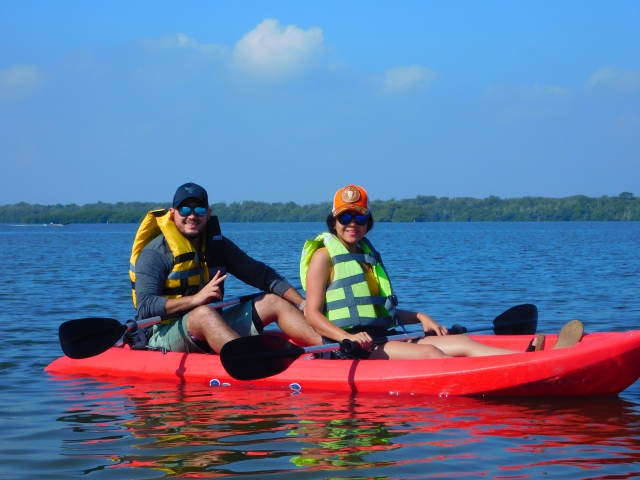  Remando in kayak 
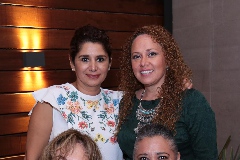 Sara Rivera, Claudia Castañeda, María Dolores Contreras y Patricia Coutiño.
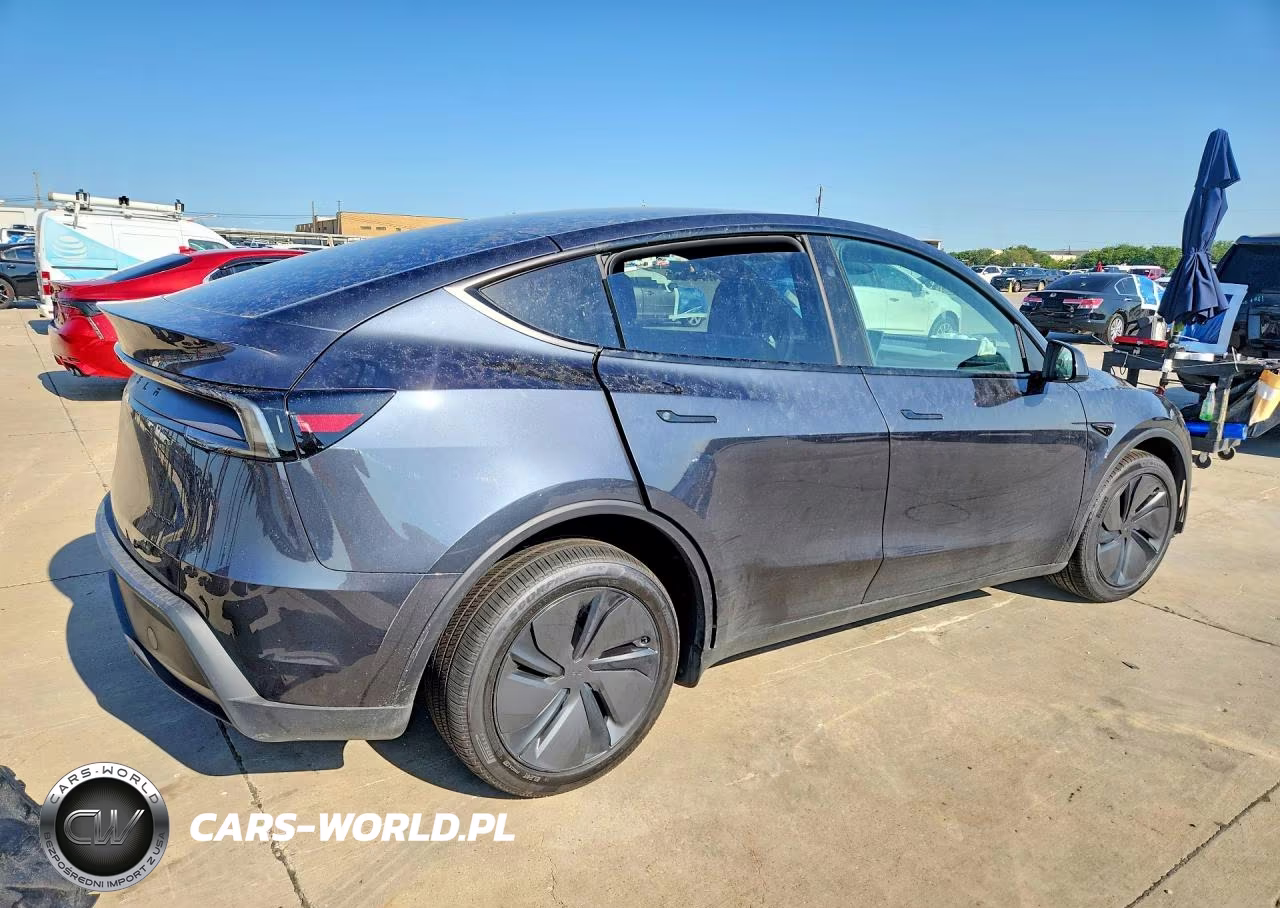 2026 Tesla Model Y VIN:7SAYGDEE7TA699112 - 3
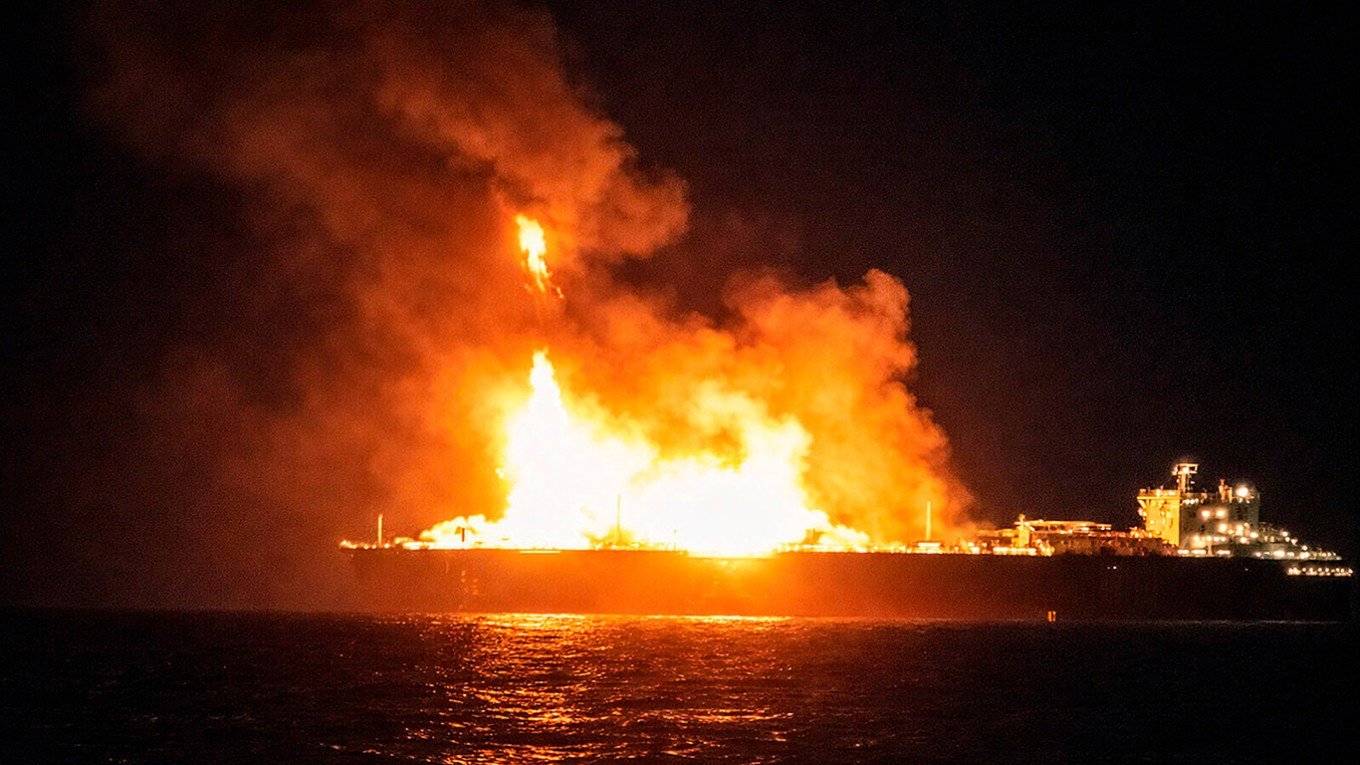 LNG tanker on fire in Mediterranean Sea at night, dramatic flames and smoke. Фото: The Moscow Times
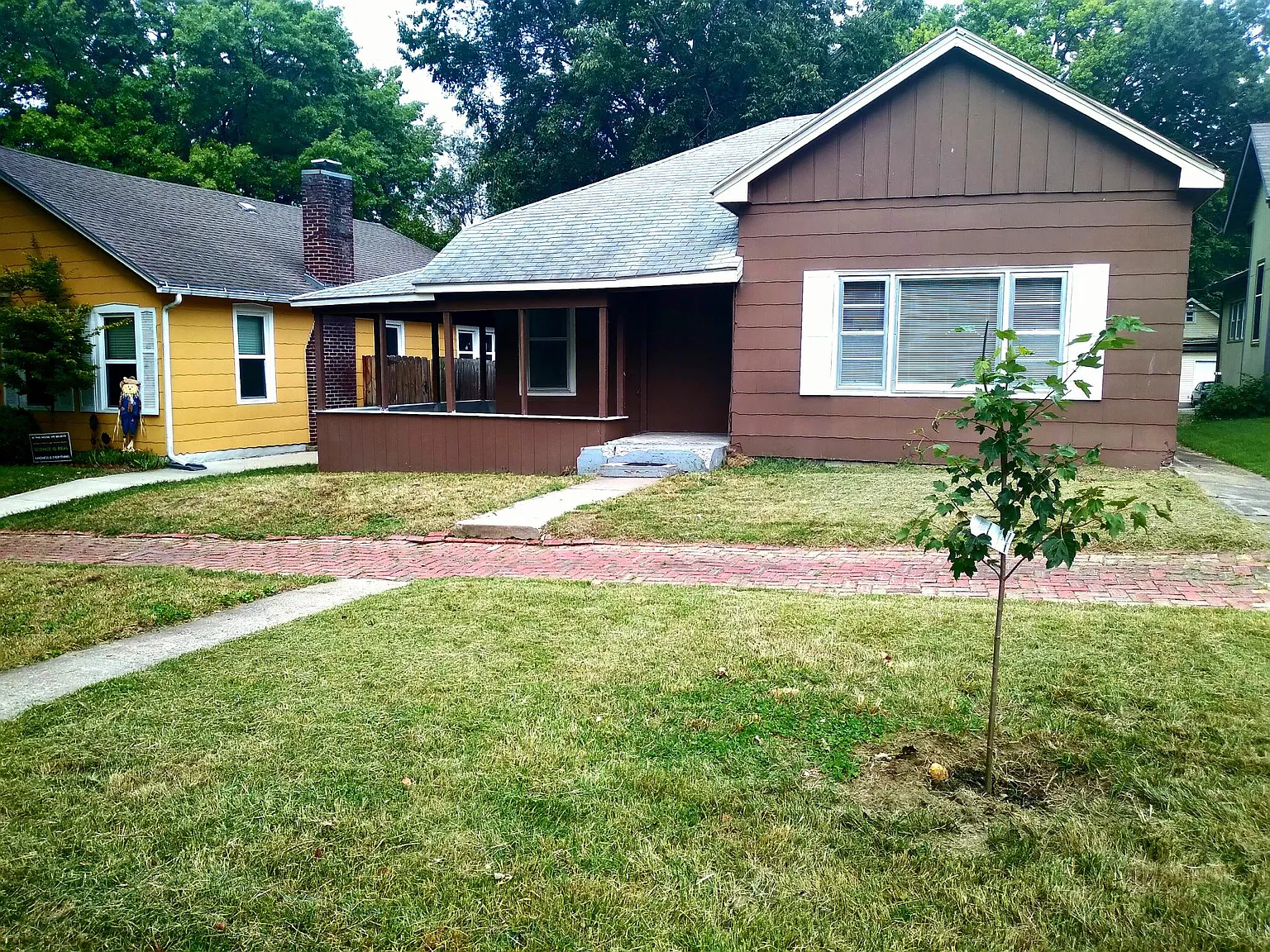 3 bed, $1,200 — Photo 1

· · · ·

**Problem description**
Output verbatim the lines beginning at the line with "LNG tanker on" and ending at the last line of the material above, inclusive. Do not carry over any pictures.

**Exercise answer**
 LNG tanker on fire in Mediterranean Sea at night, dramatic flames and smoke. Фото: The Moscow Times
 3 bed, $1,200 — Photo 1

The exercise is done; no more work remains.